Räuberbande vor Gericht: Big Boys Opfer im Kreuzverhör

Warum sich im Prozess gegen sieben mutmaßliche Räuber auch die Überfallenen viele Fragen des Gerichts anhören müssen.

Wuppertal. Im Prozess zu einer spektakulären Raubserie im vergangenen Jahr — insgesamt sind sieben Männer angeklagt, darunter der geständige, bandenintern Big Boy genannte Ex-WSV-Kicker Daniel K.-R. (22) — hat gestern die Vernehmung der Opfer begonnen. Gemessen an den Nachfragen der Prozessbeteiligten muss man eigentlich von mutmaßlichen Opfern sprechen.

Kein Wunder: Laut Staatsanwaltschaft gab es bei mindestens zwei Fällen Tipps von Insidern: beim Überfall auf eine Geldbotin des Modegeschäfts S.Oliver in den City-Arkaden — Beute: 17.500 Euro — und beim Überfall auf den Hornbach-Baumarkt auf Lichtscheid — Beute: 59.000 Euro.
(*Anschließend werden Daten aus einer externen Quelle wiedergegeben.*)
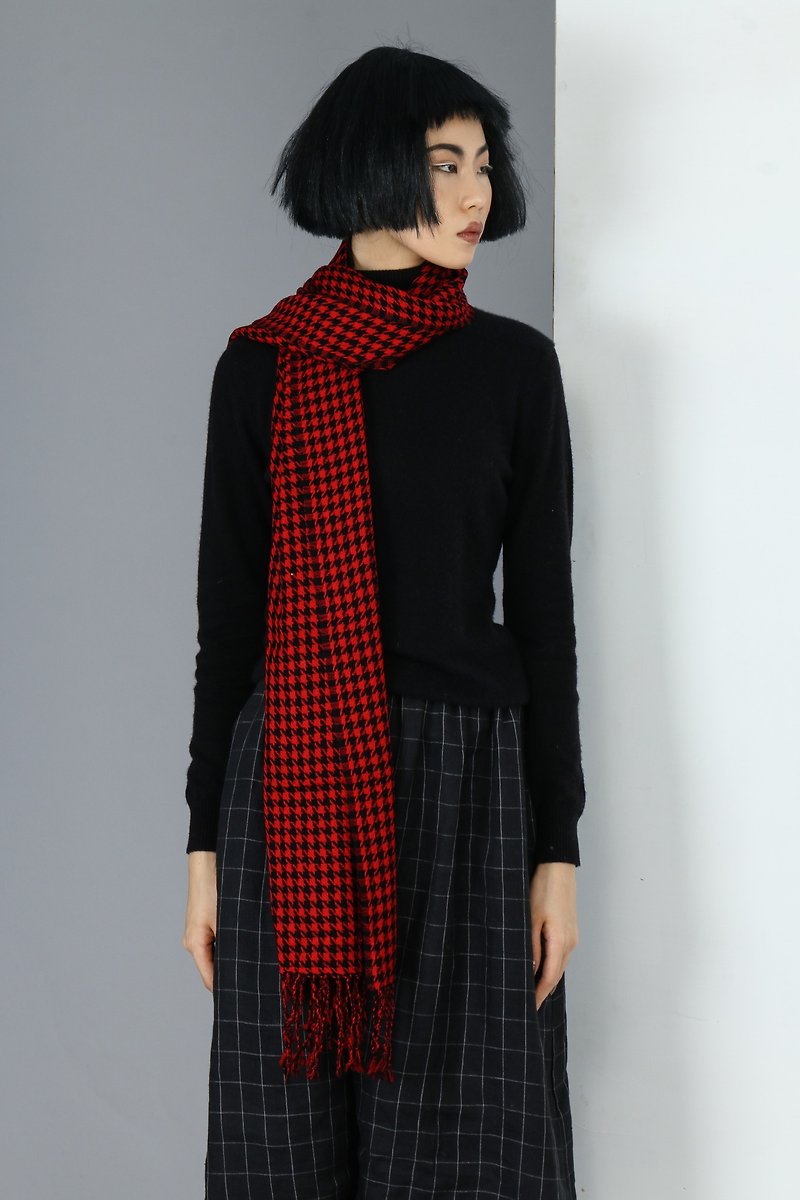 Houndstooth woolen scarf - Knit Scarves & Wraps - Wool Red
Im Fall der S.Oliver-Filiale steht bekanntlich eine damalige leitende Angestellte im Verdacht, den angeblichen Bandenchef — Mario F. (32), — die entscheidenden Tipps für den Überfall gegeben zu haben. Gestern trat die 27-Jährige in den Zeugenstand und machte mit Blick auf ihren geständigen Bruder auf der Anklagebank und das Ermittlungsverfahren gegen sie selbst von ihrem Schweigerecht Gebrauch. Und so wurde eine S. Oliver-Kollegin, die am Tattag Dienst hatte, befragt. Prompt stellte sich heraus, dass auch diese Frau mit Mario F. verwandt ist. Allerdings so weitläufig, dass die 29-Jährige kein Schweigerecht hat.
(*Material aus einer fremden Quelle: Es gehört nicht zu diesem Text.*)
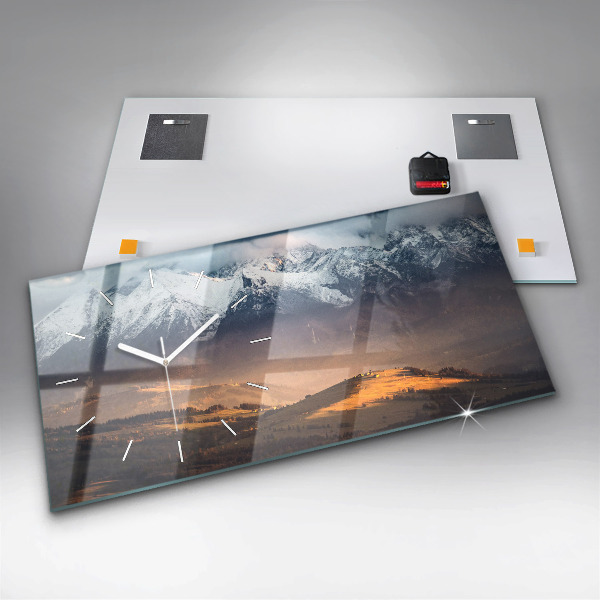 Horizontální skleněné hodiny na stěnu Tatry v zimním panoramatu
Eine Zeugin über ihre unter Verdacht stehende Ex-Kollegin.

Gleichwohl wusste die Frau, dass ihre Kollegin die Schwester von F. ist. Und irgendwann erfuhr sie dann auch, dass F. verhaftet wurde. Ob sie dann Verdacht geschöpft habe, dass ihre langjährige Kollegin mit den Räubern unter einer Decke stecken könnte, wollte das Gericht wissen. „Ich konnte mir das nicht vorstellen“, sagte die Zeugin gestern und wurde nach einer einstündigen Vernehmung entlassen.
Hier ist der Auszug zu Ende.